Consider two types of risk: technical and commercial. Which causes most new product failures? In 1971, the leading cause was “inadequate market analysis,” and nearly five decades later, “no market need.” So commercial risk remains the biggest problem.
When do you lower technical risk? In the front-end, development or launch stage? Your R&D does this in the development stage, right? After all, you wouldn’t launch your product hoping it works.
How about commercial risk? Many companies don’t understand this until the launch stage. They launch their product at customers, hoping they’ll buy it.

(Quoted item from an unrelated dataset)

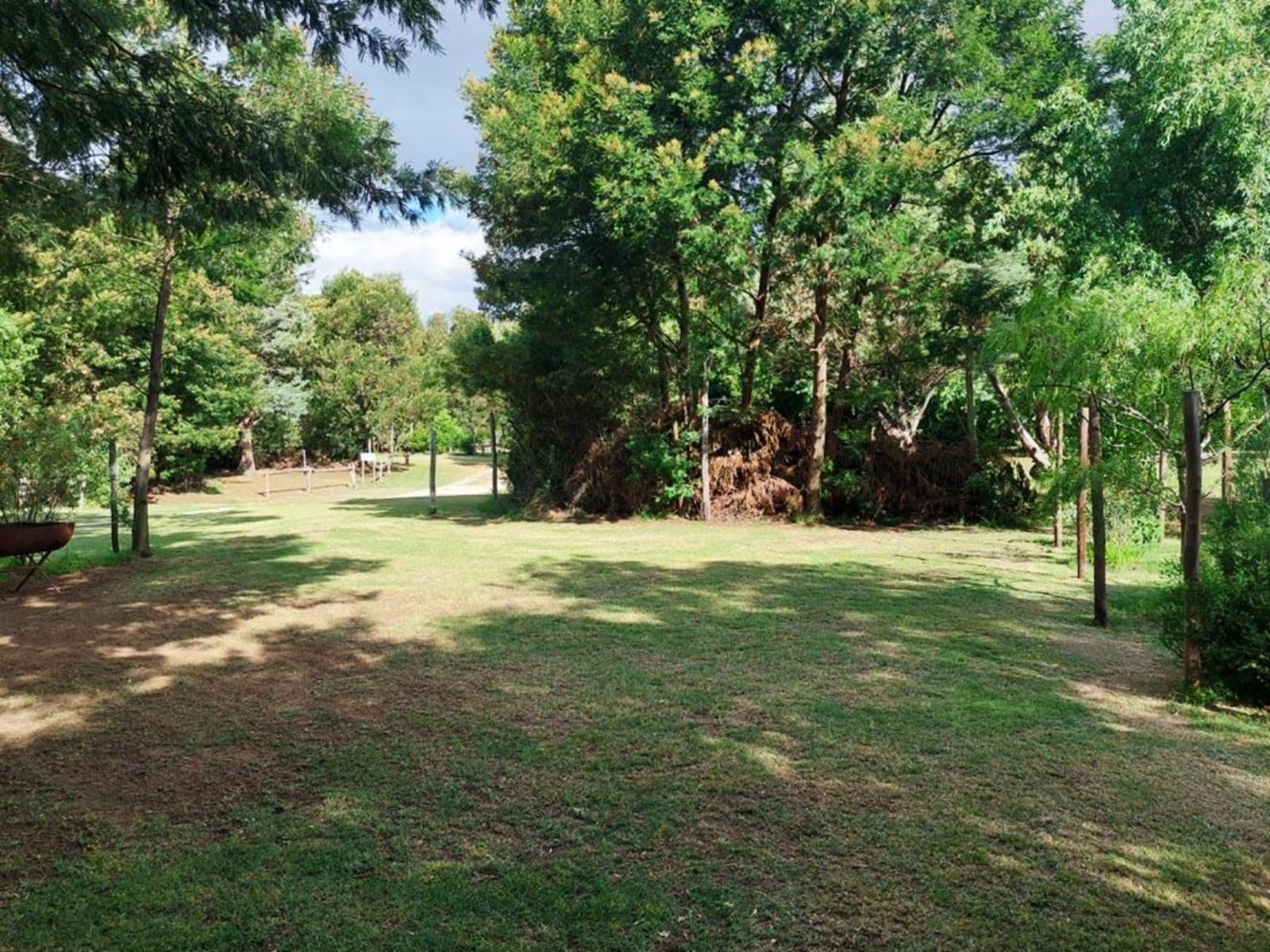 Rivierplaas Campsite, Camp site G, Tree, Plant, Nature, Wood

You can do much better. You can eliminate most commercial risk in the front-end. But this only works for B2B, where customers have high knowledge, interest, objectivity and foresight.

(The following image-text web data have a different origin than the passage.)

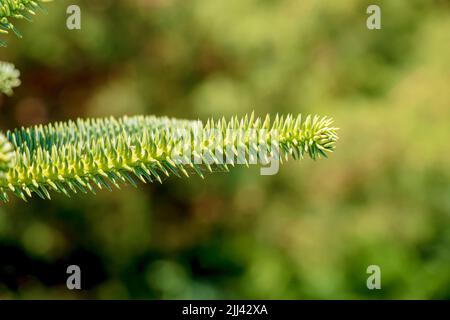 Araucaria araucana - Nahaufnahme von Zweigen mit dicken und dreieckigen Blättern, kalkig mit scharfen Kanten und Spitzen von Monkey Puzzle-Baum oder chilenischen Kiefer Stockfoto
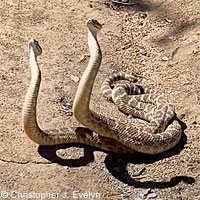 northern pacific rattlesnake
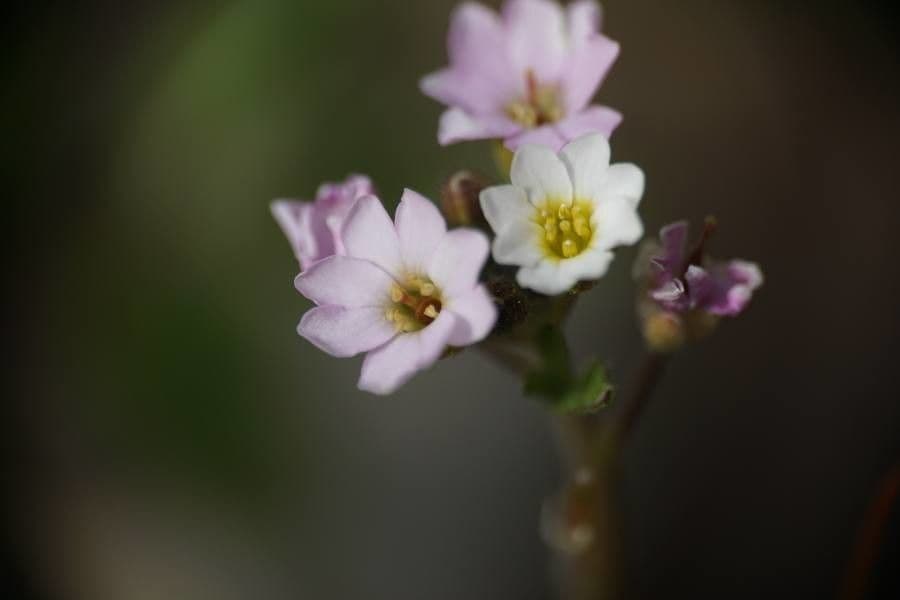 Berteroa mutabilis 4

To understand how to lower B2B commercial risk, let’s start with what high risk looks like. That’s when you guess what customers want… or perhaps ask some of your sales reps… or ask only one job function at one customer.
You’re better off interviewing many job functions at many customers… and interviewing down the value chain with customers’ customers… and the entire ecosystem like co-suppliers and industry experts.
You also reduce commercial risk by how you interview. Instead of boring questionnaires, you should let the customer lead the interview… use advanced probing methods… and trigger methods to help the customer generate fresh ideas.
You can add observation during customer tours…and conduct quantitative interviews. We’ve found this to be the most important, because it delivers unfiltered, unbiased customer insight.
We’ll cover many of these steps in later chapters, but let me leave you with this thought: If you have new products in development with high technical risk, that’s OK. But if they have much commercial risk, you really need to ask why you’re taking this unwarranted risk.